Increase in nitrous oxide emissions………………………... ..... ……………4, 096 tons
Increase in sulfur dioxide emissions……………… ................... ……………3, 701 tons
Total increase in emissions…………………………… ........ ..……………...7, 797 tons
Less amount attributable to demand growth……………… ..... …...………...7, 797 tons
NSR projection for post-construction emissions………….....…………………..0 tons

         The record before us is devoid of any support for this thoroughly superficial calculation.[3]DTE baldly asserted that it was excluding from its projections "'that portion of the unit's emissions following the project that an existing unit could have accommodated . . . and that are also unrelated to the particular project, ' including increases due to demand and market conditions or fuel quality." Mar. 12, 2010 Notice Letter, Page ID 165 (quoting the Michigan equivalent of 40 C.F.R. § 52.21(b)(41)(ii)(c)). DTE then went on to claim that "emissions and operations fluctuate year-to-year due to market conditions, " and "[a]t some point in the future, baseline levels may be exceeded again, but not as a result of this outage." Id. This letter provided no rationale for the company's claim that Unit 2 was capable of accommodating the increased emissions prior to the construction projects or that future growth in the demand for electricity was the sole cause of the projected increase in pollutants. Although DTE later sent two more letters to the EPA supposedly clarifying the method of calculating baseline emissions, these letters also failed to explain why DTE applied the demand-growth exclusion to its entire projected-emissions increase. In its motion for summary judgment below, DTE claimed that it attributed the increased emissions to future demand for power "[b]ased on the company's business and engineering judgment" (Page ID 6716), but gave no specific information to support that judgment.
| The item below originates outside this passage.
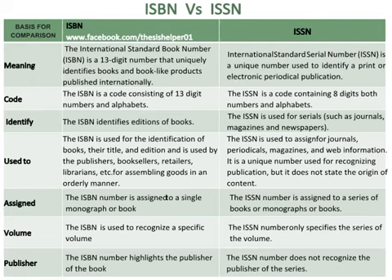The ISBN is a code consisting of 13-digit numbers and alphabets, whereas the ISSN is a code containing 8 digits, both numbers and alphabets. The ISBN identifies editions of books, whereas the ISSN is used for serials such as journals, magazines, and newspapers.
         In fact, not one of DTE's attempts to justify its application of the demand-growth exclusion was supported by documentation, without which the EPA could not meaningfully evaluate DTE's projections. There was, in truth, nothing to evaluate. Moreover, the results of a computer model that DTE ran, when it was rerun by the EPA, showed that DTE should actually have predicted a decrease in demand. (Page ID 372) Contrary to DTE's "business and engineering judgment, " what did occur in the immediate post-construction period was a decline in consumer demand, not an increase. Appellee's Br. at 64.

         DTE's failure to carry its burden to set out a factual basis for its demand-growth exclusion is just one problem with its projections. In order to exclude increased emissions as the product of increased demand under 40 C.F.R. § 52.21(b)(41)(ii), the company must establish (1) that the projected post-construction emissions could have been accommodated during the preconstruction period and (2) that the projected emissions are unrelated to the construction project.[4] As to the first requirement, DTE did not and could not establish that the increase in emissions could have been accommodated during the baseline period. Prior to the overhaul, DTE was running Unit 2 at full capacity-that is, Unit 2 was operating every hour that it could be operated. (Page ID 294) But Unit 2 was experiencing continual outages that kept it from running almost 20 percent of the time (Page ID 302), which is obviously why DTE shut it down for three months to accomplish the overhaul, aimed at increasing efficiency and reliability. For the same reason, DTE did not and could not establish that the increase in emissions was unrelated to the construction process. The planned increase in efficiency and reliability would allow the plant to operate for at least an additional 12 days each year (Page ID 306), which in turn would result in increased emissions unless the construction also had included pollution controls, as the issuance of a permit would have required.

         In DTE I, we referenced the second sentence of 40 C.F.R. § 52.21(r)(6)(ii):

If the emissions unit is an existing electric utility steam generating unit, before beginning actual construction, the owner or operator shall provide a copy of the information set out in paragraph (r)(6)(i). Nothing in this paragraph (r)(6)(ii) shall be construed to require the owner or operator of such a unit to obtain any determination from the Administrator before beginning actual construction.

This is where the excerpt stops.